480px | 640px | 800px | 1024px | full

GORA-174: GORA compiler does not handle ["string", "null"] unions in the AVRO schema

feb-2013

The aim of the patch is to make the compiler handle Avro unions in schemas. This will make possible optional fields.

Avro specification shows how are UNIONs serialized: first goes a long with the index of the union element, and second goes the value. Specifically for HBase, the value in a column will be first a byte as index, followed by serialized bytes of data.

In an Avro schema, the first element in the union is considered the default type. At this moment is not implemented (nor planned).

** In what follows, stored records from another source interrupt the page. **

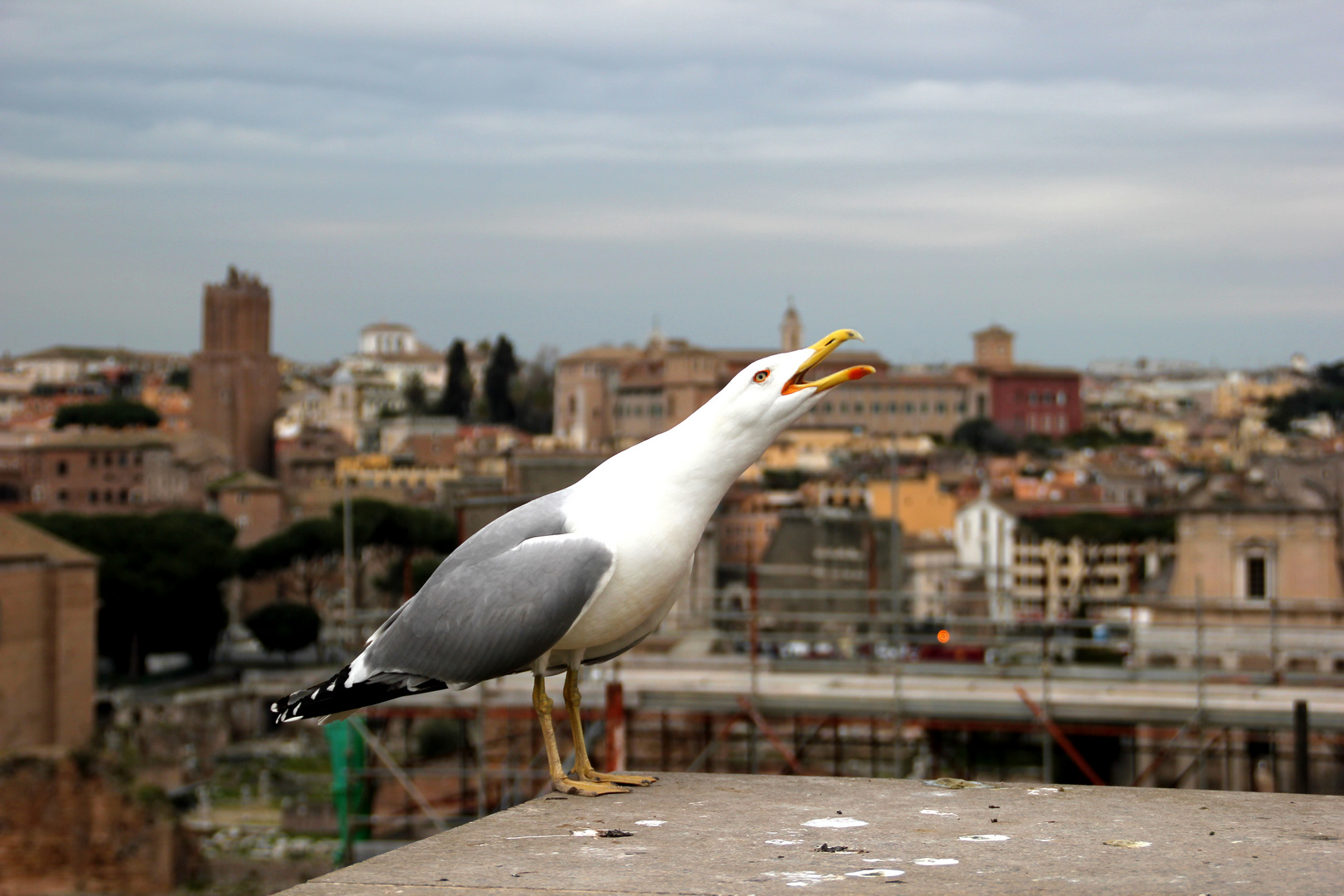 Möwe im Forum Romanum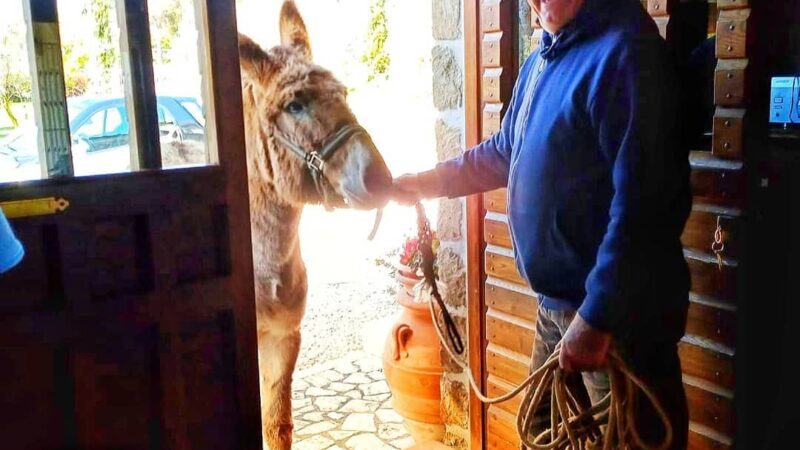 Genazzano, lutto per la cittadina: un incidente porta via Enzo Sebastianelli, le condoglianze del sindaco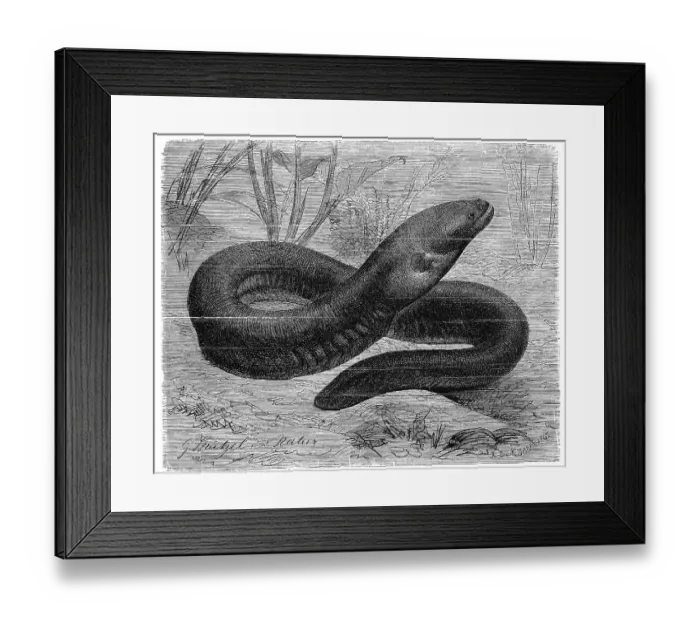Framed Print : Fish, electric eel, Electrophorus Framed Print : Fish, electric eel, Electrophorus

After implementing this fix, it is warned not modifying production schemas to add optional fields because data will be incompatible. This is a big issue with Nutch, since in NUTCH-1477 webpage's schema will be modified and will break data compatibility AT LEAST in HBase.

The issue in HBase backend

HBase backend writes in 2 levels: In Gora 0.2.1, given a HBase <family:column> , if data being written is not a record,map or array (so, a basic type), the data is raw written. If you have a value composed of two or more nested levels for a <family:column> , data gets serializaed with Avro so it fits in one column.

After implementing GORA-174, the first level data will not be raw written. Here is an example. For come column called 'mytext':

 fam:mytext = This is the text

Updating 'mytext' to be optional modifying the schema to look as ["null","string"], the codification would be as following:

 col_name       content:index+value
 ----------     ---------------------------
 fam:mytext     \x01This is the text

Incompatibilities

This are incompatibilities if a new schema with unions is used with old data:

  1. In Gora 0.2.1, 1-level data could be read easily by other ways just as serialized java objects. After the patch, optional fields would not keep this feature because of index byte.
  2. A schema with any optional field will be incompatible with legacy data.

Solutions

  1. Create a configuration opt-in option for a DataStore to write null-plus-onetype-unions without the index byte and delete the column when null. Process properly when reading. This allows other systems to read HBase data directly easily.
  2. Create a deprecated configuration option that will parse schemas ignoring unions and nulls, and will work like Gora 0.2.1.

Further works

Will be desirable to not write fields with the default value (and save one HBase column).